The coalitions that sponsored the event are the Nassau County Youth Services Agencies, Senior Services Provider Coalition, the Coalition of Behavioral Health Providers, the Nassau Alliance for Addictive Services, and the Long Island Hispanic Coalition. According to organizers, the coalitions have no position on the fiscal recovery plan. However, they “vehemently” oppose the cancellation of county contracts.
Speakers were defiant but optimistic as they denounced both the policy and the politics behind the threatened funding losses.
Peter Levy, president of Youth Services Coalition, called on the county legislature to stop “playing games with the lives of children, senior citizens and the most vulnerable people [in the county]. This has nothing to do with politics, it has to do with real people.”
And that was the theme of the rally, as speakers warned of ominous consequences if, especially, youth services are eliminated, especially in light of the county’s substance abuse problem.
“This is a sad occasion,” said Joe Smith, executive director of Long Beach Reach. Inc. “The county is saying to kids: ‘You don’t matter.’ We won’t let that happen. This is the most cynical action the county has taken in a very long time,” Smith added, referring to the July 5 deadline date.
Smith said that in the past, agencies have accepted budget cuts and limited contracts, but that the elimination of programs was “not acceptable,” adding that the rally was just the beginning of the resistance.
Jamie Bogenshutz, of the Massapequa-based YES Counseling Community Counseling Center spoke in similar terms, denouncing what she called the “incredulous, irresponsible” July 5 deadline. Calling the non-profit workforce “the backbone of the county,” Ms. Bogenshutz noted that such organizations are not just responsive to community issues; they also “save lives.”
Maria Cuadra, chair of the Long Island Hispanic Coalition, also touted the practical nature of such organizations. She said program eliminations would result in “thousands of people” being unemployed. Ms. Quadro also called on the county to divert monies from red light camera fines to youth services.
Echoing Ms. Bogenshutz, Dr. Mary Lou Jones, executive director of South Shore Guidance Center, claimed that the county is experiencing its worst instances of chemical dependency in recent history. She, too, painted a grim picture, claiming also that losing youth services funding would result in “more DWI, more suicide, more death.”

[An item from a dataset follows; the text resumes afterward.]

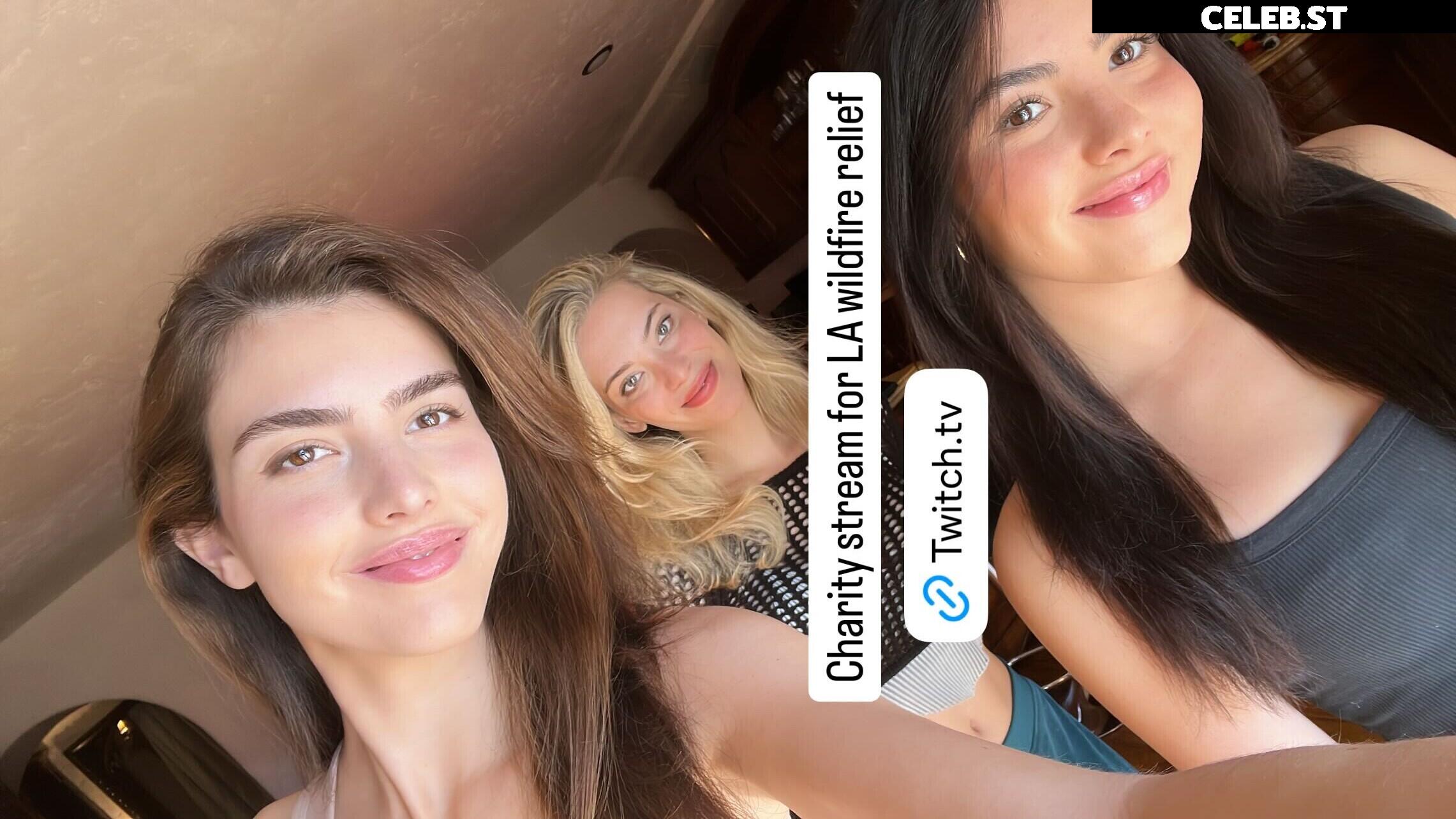 Andrea Botez (leaks = ban) Image 10933448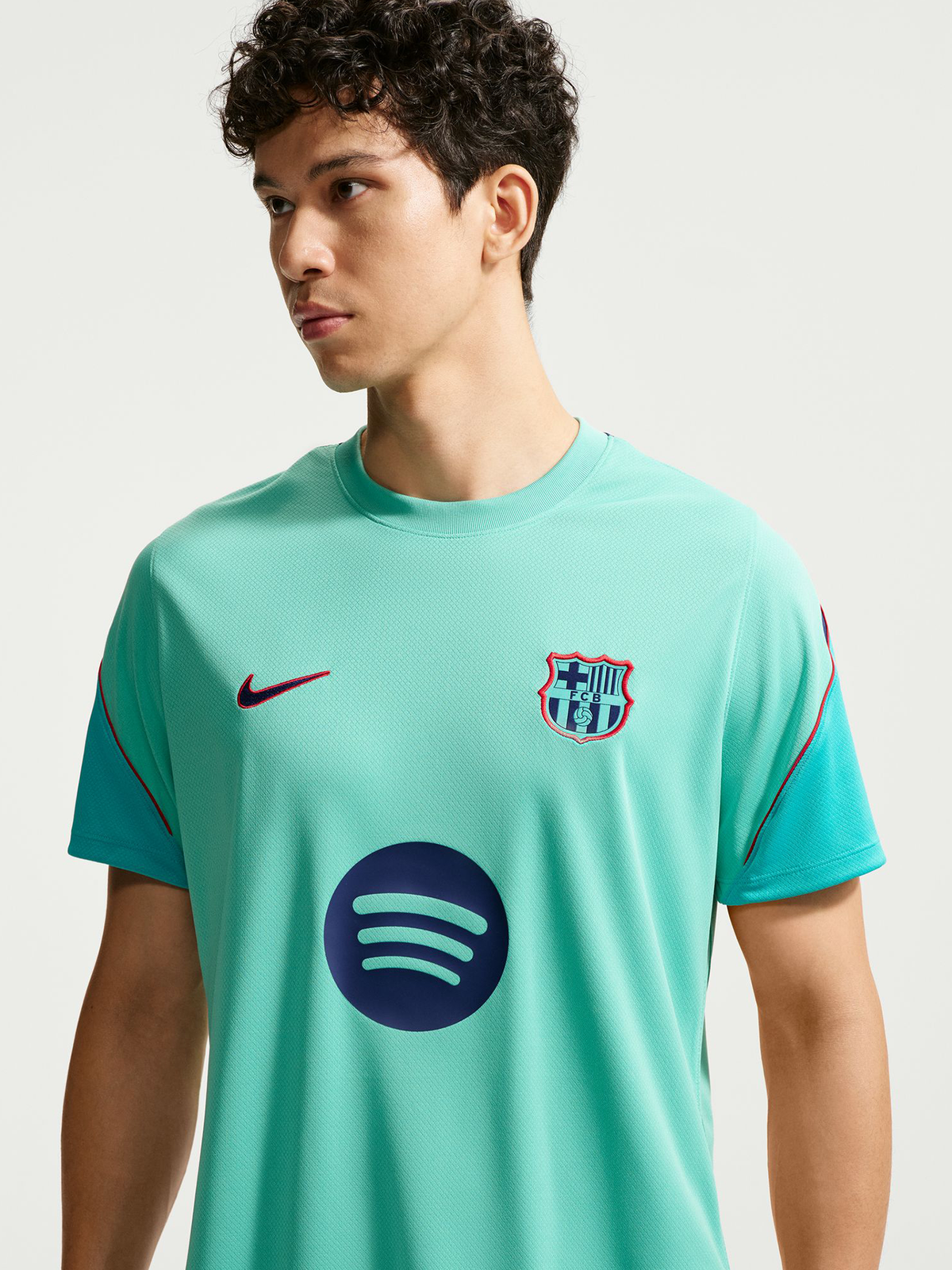 Men's third training shirt FC Barcelona 26/27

Although the gathering was nonpartisan, the response to the rally turned, not surprisingly, on partisan lines.
“As a legislator in 2009, Ed Mangano supported the red light camera law which provided revenue to the social service agencies, but now because of his mismanagement he has decided to revoke that promise he made,” said Minority Leader Kevan Abrahams. “As county executive, Mr. Mangano has wasted taxpayer dollars on glossy mailings and lucrative contracts to politically connected law firms that could have gone to keep these programs funded.”
“I stand with the protestors,” said County Executive Edward P. Mangano. “The Democrats should do the right thing and provide the three votes necessary to avoid these draconian cuts.”